(Image-text web data)
Content starts

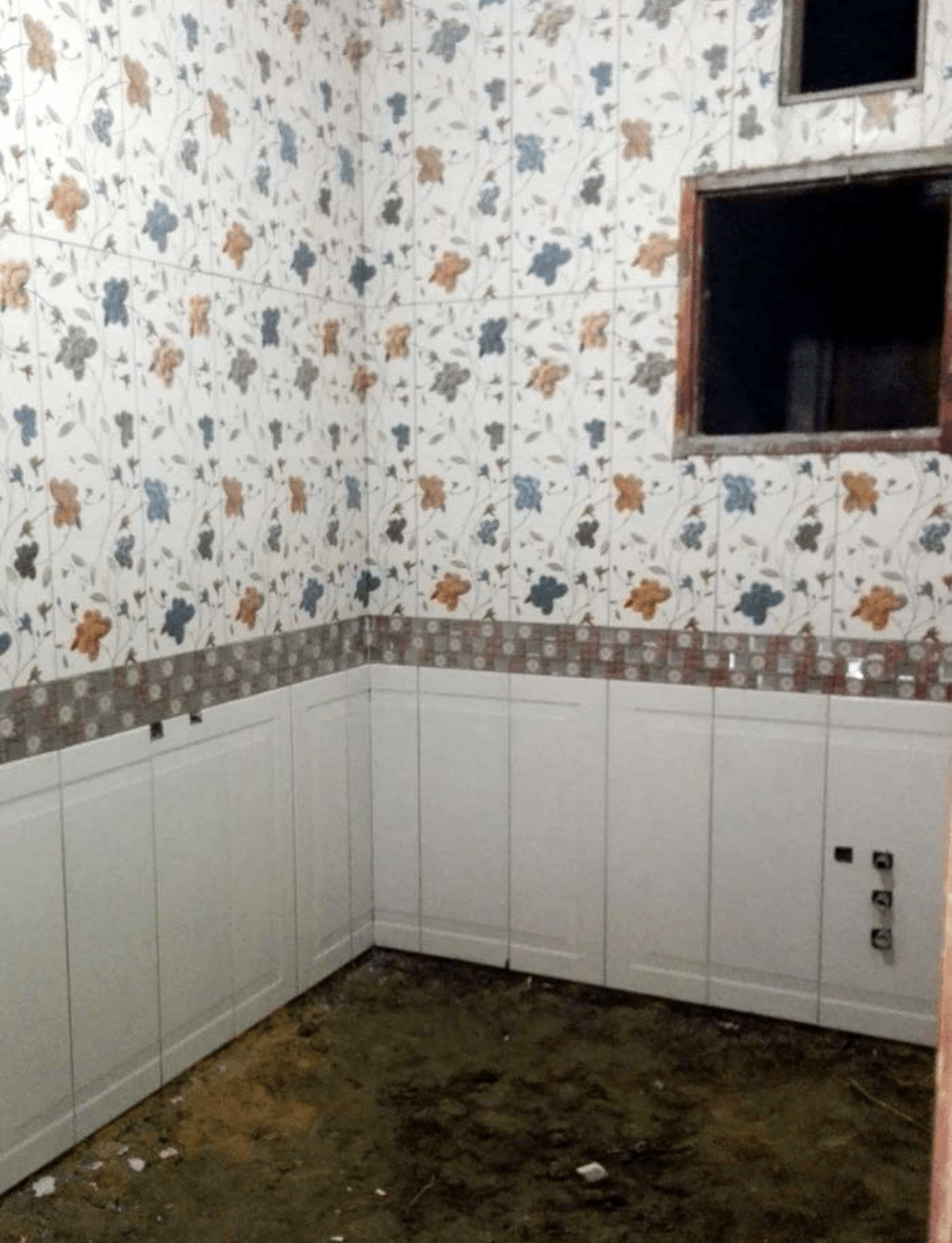بليط لجميع انواع البلاط والديكورات السيراميك والرخام والجرانيت
لا تنسَ أنك شاهدت هذا الإعلان في عنكبوت...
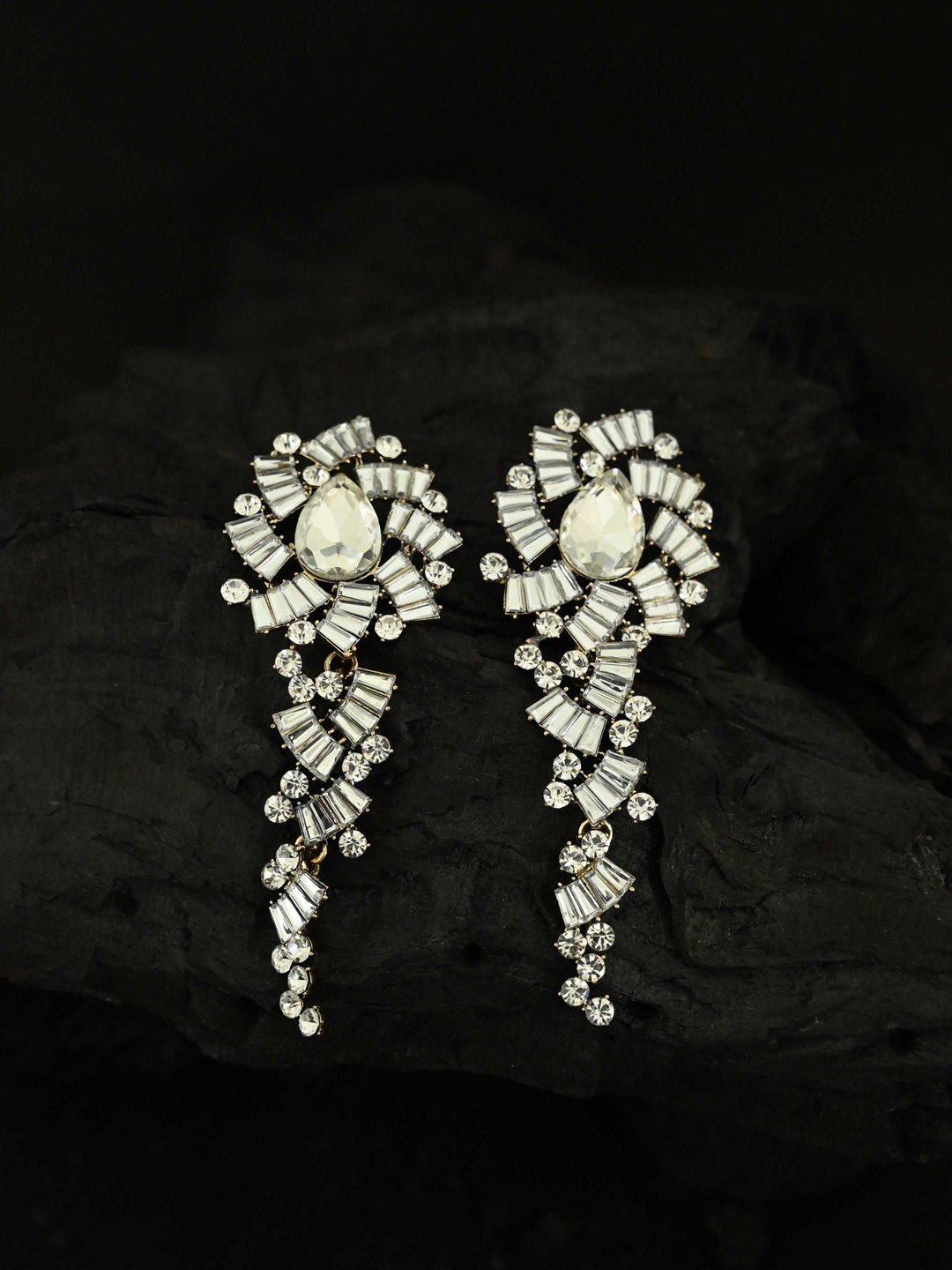 

justpeachy Gold-Toned & White Contemporary Drop Earrings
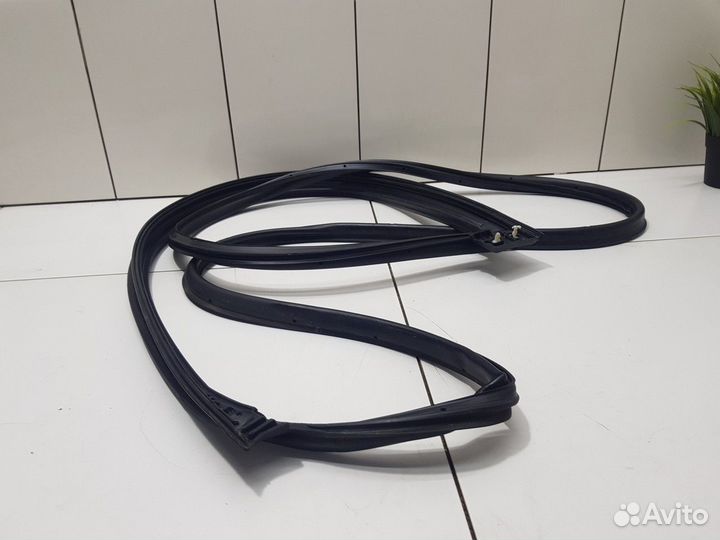 Уплотнитель двери передний левый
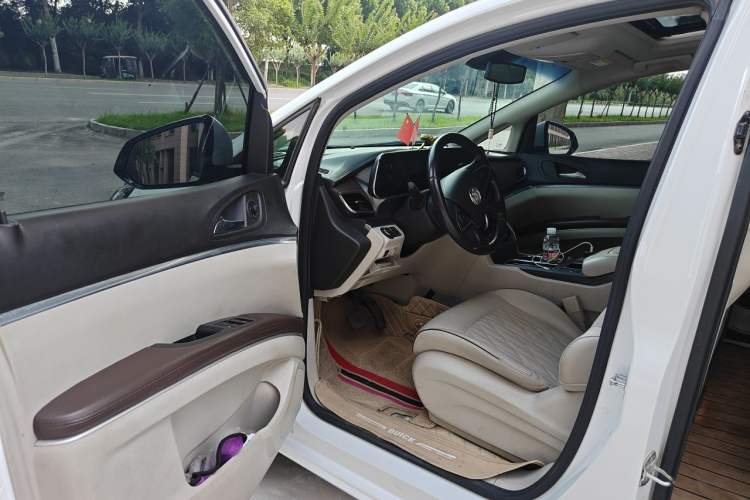 Used Buick GL8 2021 Land Cruiser Executive Class 652T Luxury Model Driver Seat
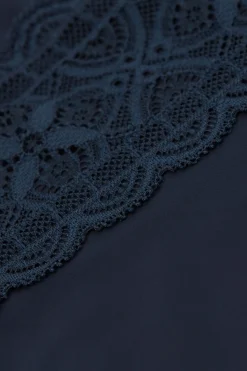 Slip Vita Alta in Microfibra Ultralight e Pizzo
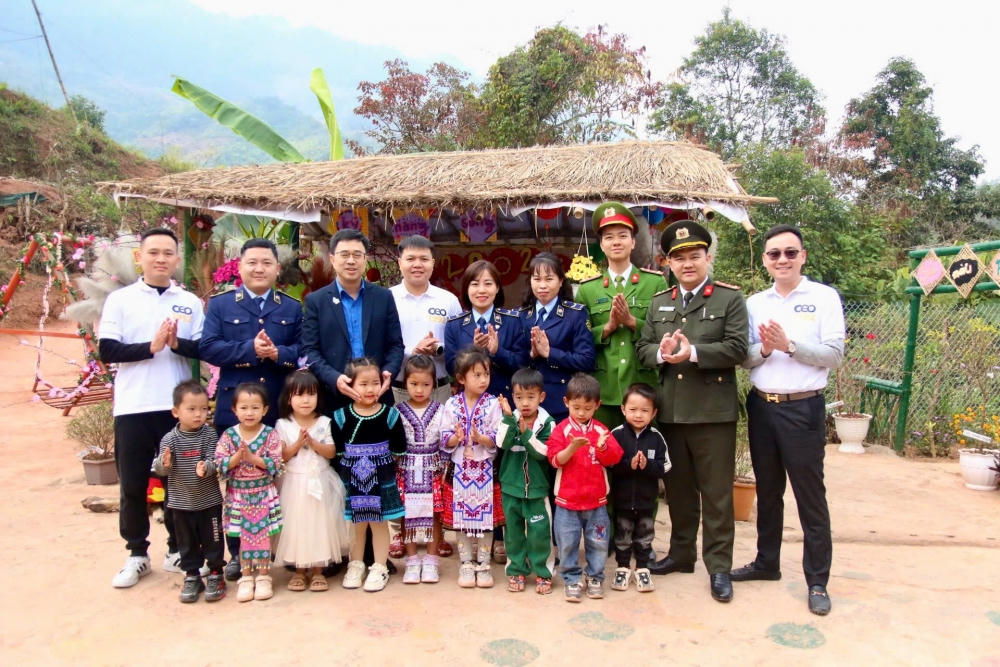 “Thắp sáng tương lai mầm non biên giới”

Content ends

§ **DIRECTIONS**: Output all data exactly, omitting images.

§ **RESULT BELOW**:
بليط لجميع انواع البلاط والديكورات السيراميك والرخام والجرانيت
لا تنسَ أنك شاهدت هذا الإعلان في عنكبوت...

justpeachy Gold-Toned & White Contemporary Drop Earrings
 Уплотнитель двери передний левый
 Used Buick GL8 2021 Land Cruiser Executive Class 652T Luxury Model Driver Seat
 Slip Vita Alta in Microfibra Ultralight e Pizzo
 “Thắp sáng tương lai mầm non biên giới”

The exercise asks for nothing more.